_BRIEF_: Having located the line with "Không gian sảnh", repeat it and all remaining lines of the records exactly. Pictures do not belong in the answer.

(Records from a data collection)
'''

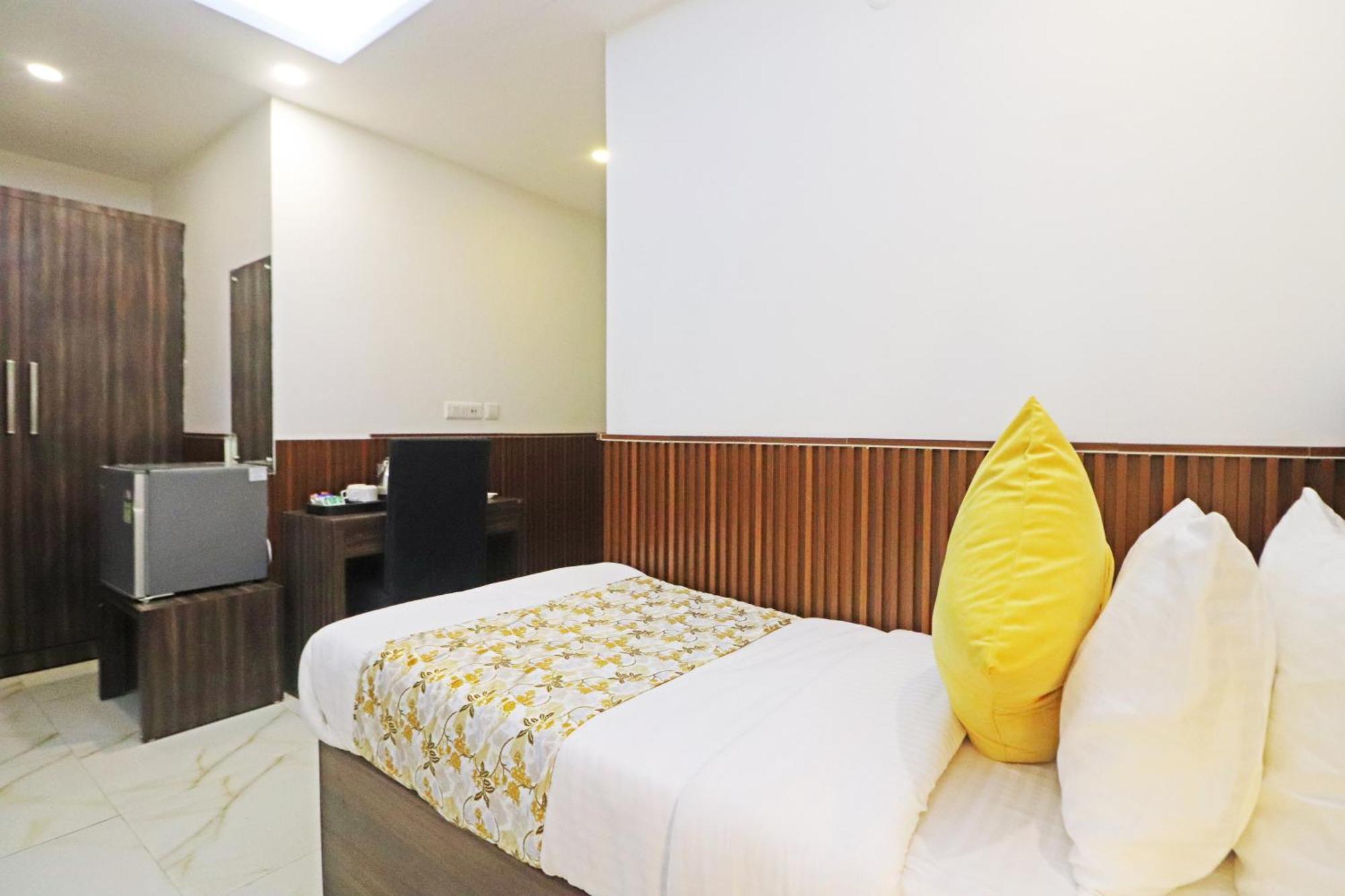 Hotel Mayda Prime Near Delhi Airport Ню Делхи Екстериор снимка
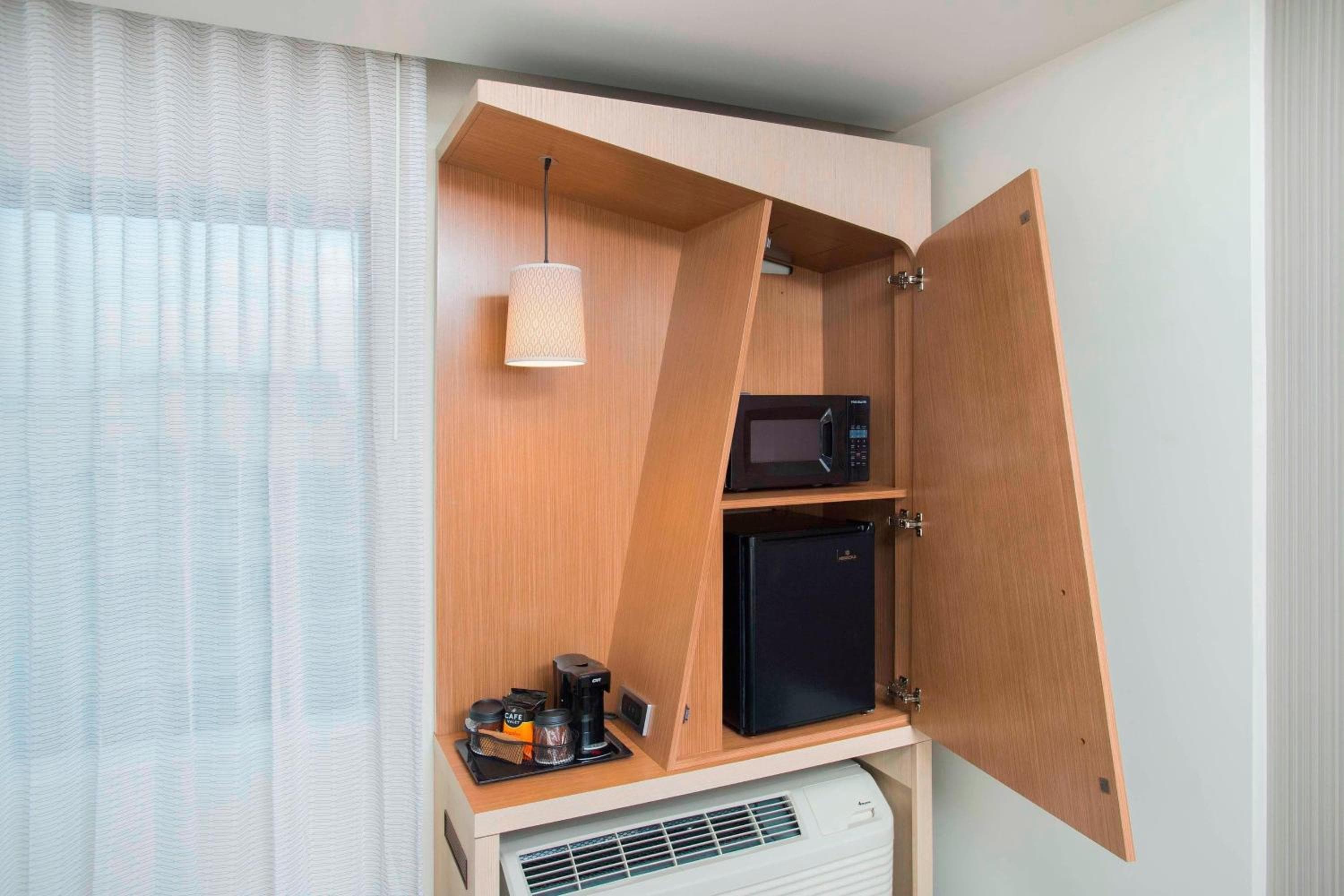 Courtyard by Marriott Redwood City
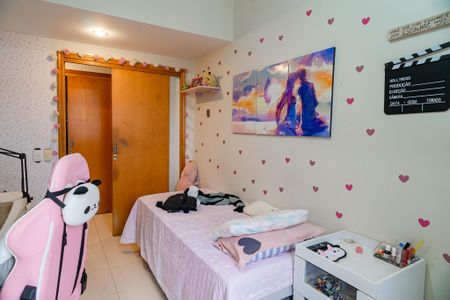 Apartamento à venda com 80m², 3 quartos e 1 vagaQuarto 2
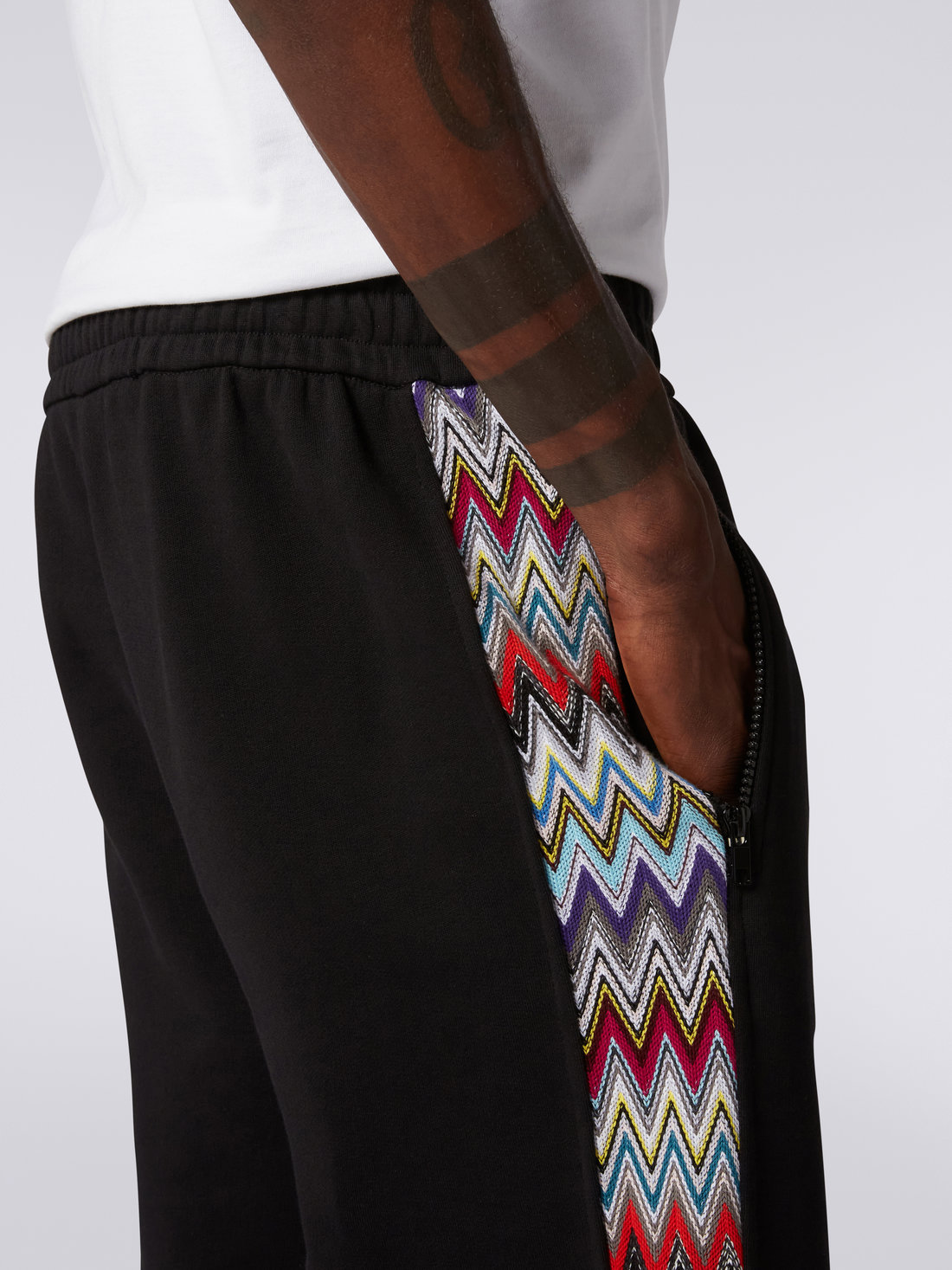 Pantaloni sportivi in felpa di cotone con inserto chevron, Nero    - US23SI0GBJ00DZS91DL - 4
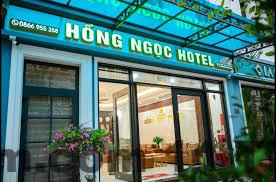 Không gian sảnh Hotel Mersuites Hạ Long với thiết kế đơn giản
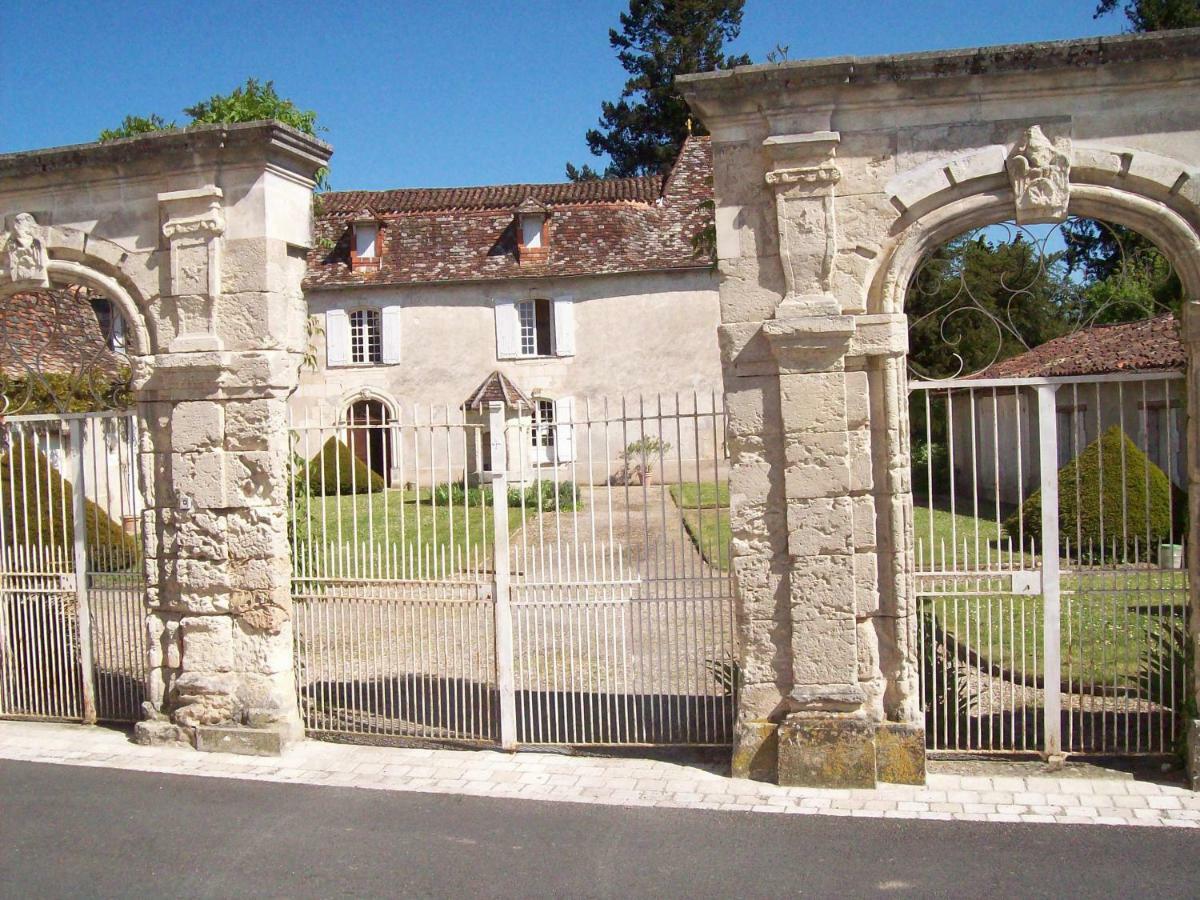 Chateau La Gentilhommiere Du Puits Notre-Dame 30 Rue De L'Eglise 24110 Saint Leon Sur L'Isle Exterior foto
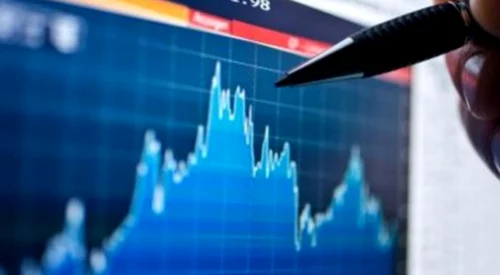 La începutul lunii august banca centrală a anunţat că menţine prognoza pentru inflaţia la final de an, de 3,2% în acest an şi 3% în 2013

'''

_THE COMPLETED TASK_:
 Không gian sảnh Hotel Mersuites Hạ Long với thiết kế đơn giản
 Chateau La Gentilhommiere Du Puits Notre-Dame 30 Rue De L'Eglise 24110 Saint Leon Sur L'Isle Exterior foto
 La începutul lunii august banca centrală a anunţat că menţine prognoza pentru inflaţia la final de an, de 3,2% în acest an şi 3% în 2013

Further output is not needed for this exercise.